Aleć i w samych portach, kiedy insperacie
Zbiegną Kozacy, toż ich potka na Gałacie
A woda krwią rumieni, o hańba, o wzgarda!
Pełne dział arsenały, pełna kortygarda
Ustrzępionych janczarów; odlewani z miedzi
Ryczą smocy: po wieżach wyją hodzie bledzi,
Wre miasto, ziemia jęczy a pomorskie skały
Szkaradych kartaonów echem rozlegały.
Darmo: bo Zaporożec mając to za bajki,
Sunie chyżo ku Dniepru obciążone czajki,
I jeżeli za sobą obaczy pościgi,
Tak zblizka jak zdaleka pokaże im figi.
Takieć się w Polsce rzeczy, takie w Turczech działy,
A przecie mir zostawał na papierach cały.
Była wolna obrona téj i owéj stronie,
Częściéj jednak Tatarów gromiono w Koronie,
Gdzie koń konia, chłop chłopa, na morskiéj zaś głębi
Okręt czółnów ni kania dogania gołębi.
Dobrzem rzekł, że mir cały, ale na papierze;
Ktoby był chciał w obiedwie serca wejźreć szczerze,

I Turczyn na Kozaki, i Polak na Ordy
Za pierwszą okazyą wecowali kordy:
Żeby ich w ichże gniazdach i w własnym popiele
Jako szkodliwe wyrznąć do korzenia ziele.
Turków to osobliwie korciło bez miary,
Gdy nasi porażali na nogę Tatary,
Naród udzielny, bitny, który dotąd głosem
Wolnym pana obierał, a im ci pod nosem
Bez wszelkiéj pomsty kurzą, co Dniepru porohy
Osiedli wzgardzonego pospólstwa motłochy.
Więc się im w ręce prawie okazya poda,
Kiedy Stefan Potocki, wtenczas wojewoda
Bracławski, z dawnemi się skrewniwszy Mohiły,
Którym prawem dziedziczném Wołochy służyły,
Chce brata żony swojéj na ojcowski stołek,
Pod którym chytry Tomsza cicho kopał dołek
Za powodem tureckim, posadzić; a do téj
Potrzeby wiele się ich da pisać z ochoty.

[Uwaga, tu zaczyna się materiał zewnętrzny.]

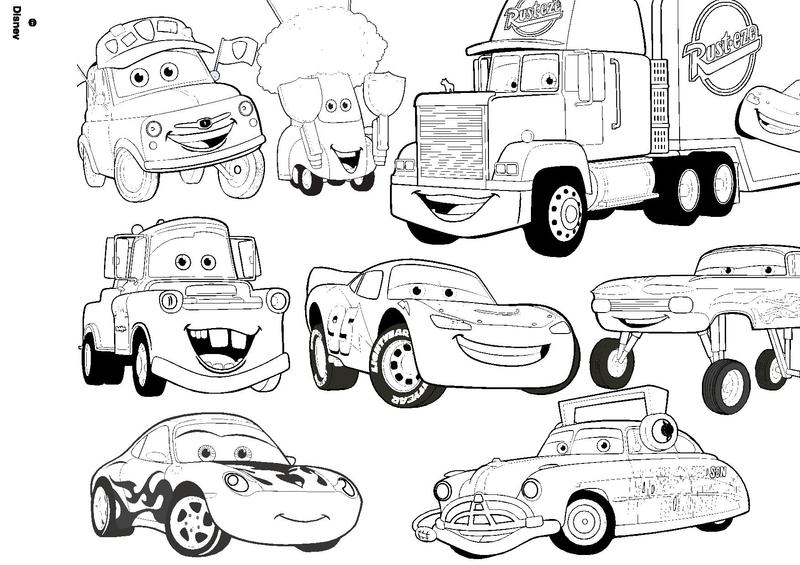 121 Dessins De Coloriage Cars à Imprimer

I puścił się do Wołoch swoim tylko dworem
A ochotnym żywéj krwie koronnéj wyborem.
Siła na to baczniejszych sarkało w senacie,
Że się téj wojny podjął swéj k’woli prywacie;
Ale on gdzie przedwieczne ciągnęły go wrogi,
Z przedsięwziętéj nikomu nie dał się zbić drogi;
Już milę tylko od Jass roztoczył nad Dzieżą
Rzeką namioty swoje, gdzie z oną młodzieżą
Szlachetnéj krwie sarmackiéj — ciężki żal Koronie —
Pierwsza sława niestety bez potrzeby tonie:
Bo Turcy z niezliczoną osuwszy ich zgrają,
Acz się póki sił, póki broni opędzają,
Nakoniec z znaczną swoją zatłumili szkodą,
Mało co żywcem z samym wzięli wojewodą.
Prędko po nich Korecki, mając siostrę drugą
Niefortunnych Mohiłow, nad tąż właśnie strugą,
Chcąc szwagra Aleksandra ztwierdzić panowanie,
Który był Turków z Tomszą wybił niesłychanie,
Wpadł w sidła Imbrajmowi, okrutnemu baszy.
Tak po dwakroć w Wołoszech porażeni naszy.

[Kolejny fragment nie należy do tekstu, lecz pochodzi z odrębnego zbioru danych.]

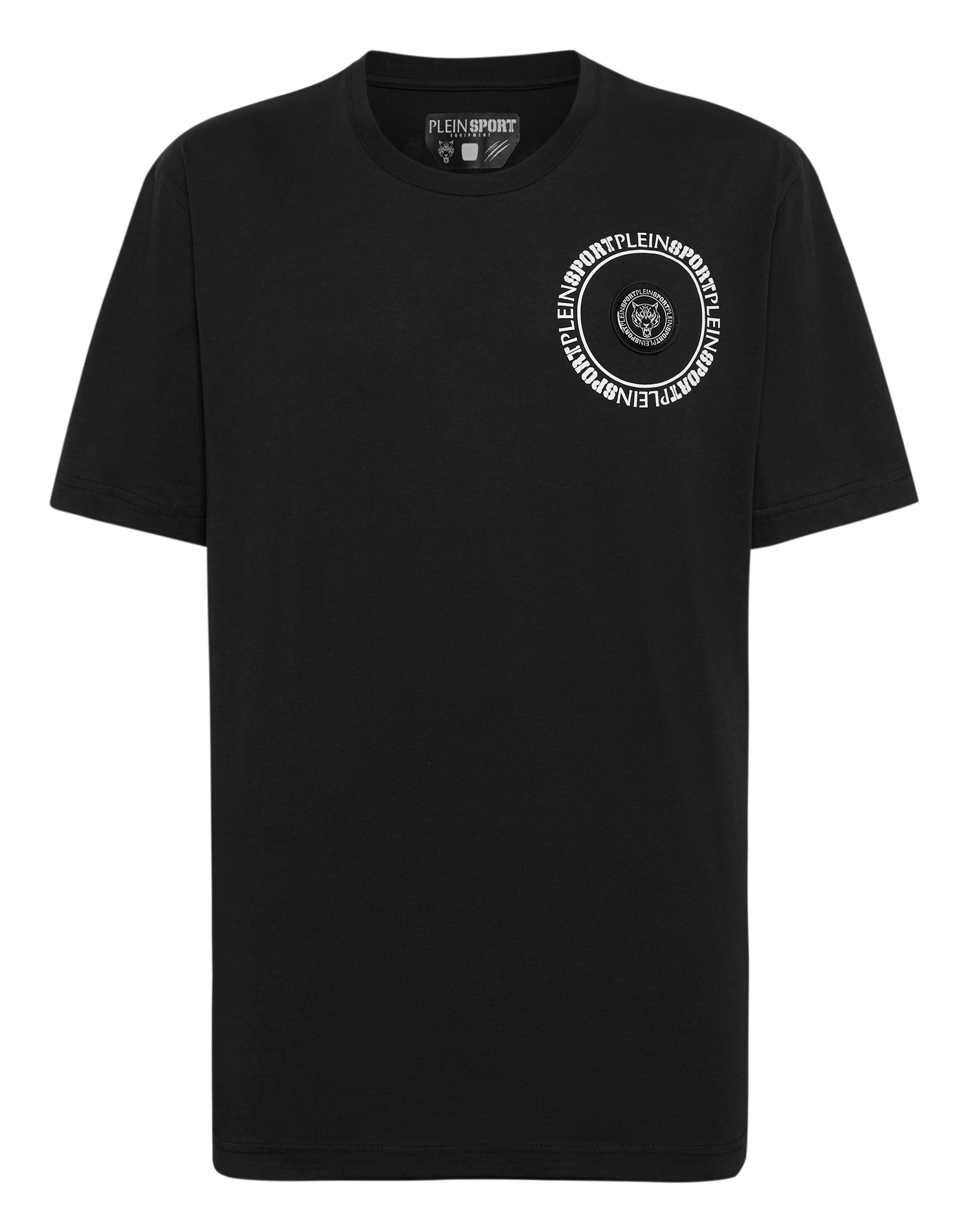 T shirt Round Neck SS Carbon Tiger Philipp Plein Sport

Książę uszedł, Potocki pod czarne kopuły
Wrzucony do smrodliwéj więźniem Jedykuły:
Zkąd nie pierwéj w ojczyźnie swoje zaległ groby,
Aż pompie tryumfalnéj przyczynił ozdoby
Okrutnym bisurmanom, którzy już grzebienie

Stawiają: już im polskie imię w lekkiéj cenie,
Którego im większy strach przedtém mieli w oczu,
Tym durniejszy, jako koń, gdy zbędzie poboczu,
Ani już kupcom wolno w ich postać kolei,
Nie mogą się w chwyconéj ukoić nadziei,
Że ścianę, od któréj ich przestrzegały wróżki,
Swemu Mahometowi porąbią w podnóżki.
Dodał serca Moskwicin zajątrzony jeszcze,
Że się w własnéj krwi jego monarchia pleszcze;
Bo podtenczas Polacy nieprzerwanym cugiem
Krnąbrny naród moskiewski takim myli ługiem.

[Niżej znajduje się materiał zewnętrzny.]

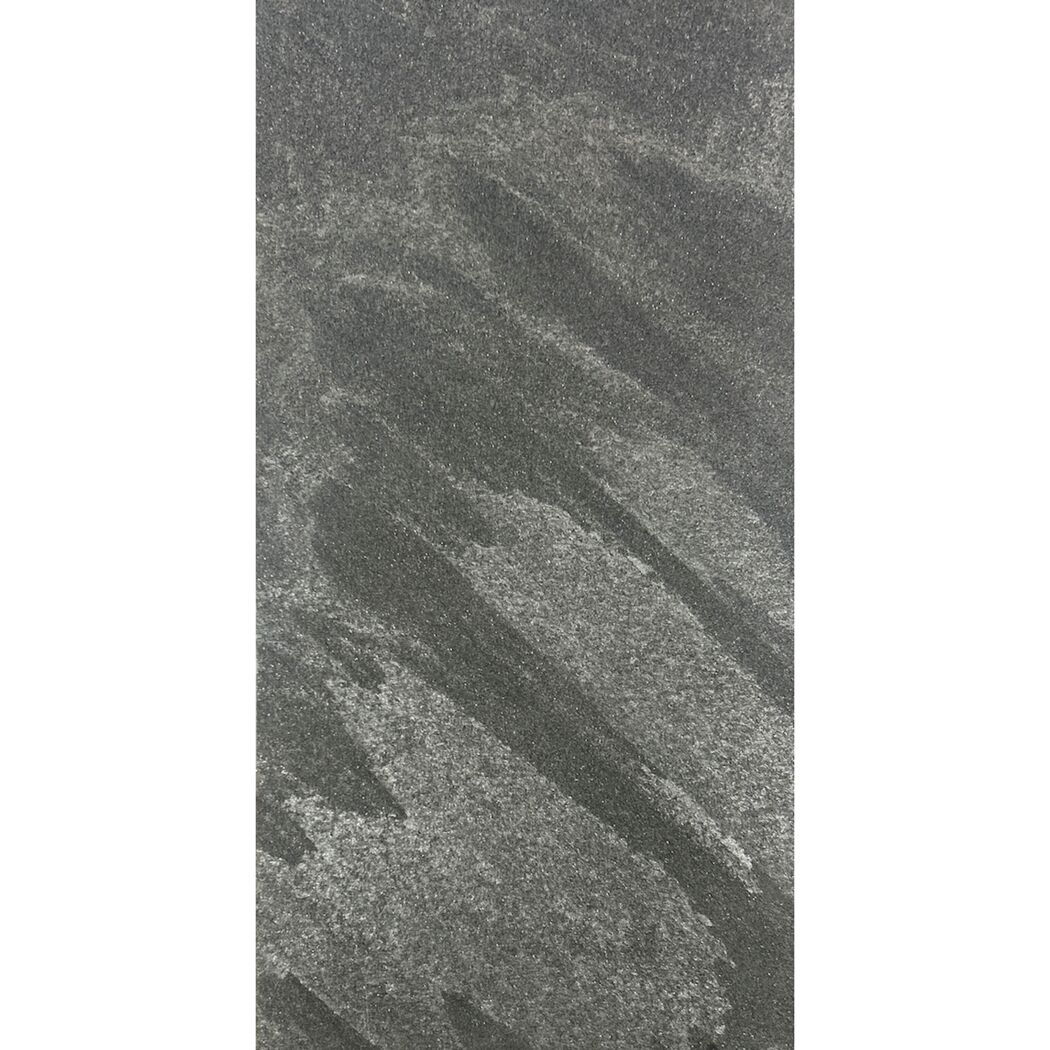 Wandpaneel 'Modular Wall 11300B Grey Slate Stone' grau 52 x 104 cm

Leci poseł za posłem, upominków gęstwa,
Chwalebne winszowania z Polaków zwycięztwa,
Prośby i obietnice i wszelkie przynuki,
Żeby rznęli między się Koronę na sztuki.
I nie wielkiéj już było potrzeba namowy:
Bo Achmet, tryumfami świeżemi surowy,
Posyła Skinderbaszę, wielkiéj sławy męża,
Aby jeszcze z Polaki sprobował oręża;
Rozdwojone tam siły: zwykłém da Bóg szczęściem
Trupem tego narodu ich pola zagęściem.
Tém basza napuszony leci jako z kusze,
Tusząc, że wojska w Moskwie; lecz skoro u Busze
Obaczył Żołkiewskiego ludzi i armaty,
One ekspedycyą skończyli traktaty.
Wtenczas wzięły Wołochy Turczyna za pana,
Które dotąd na obie chromały kolana;
Myśmy się swego prawa już wyrzekli cale
A co prawda żeśmy go mieli téż omale.
Tak rozumiał Żołkiewski, że mniejsza jest z chromem
Hołdownikiem utrata, a niżeli z domem
Ottomańskim nieprzyjaźń i wojna widoma;
Każdemu psu kość luba, każdemu łakoma,
A kiedy mu czémkolwiek gębę zatkasz, prawi,
Tym się kąskiem, będzie-li chciał szczeknąć, udawi.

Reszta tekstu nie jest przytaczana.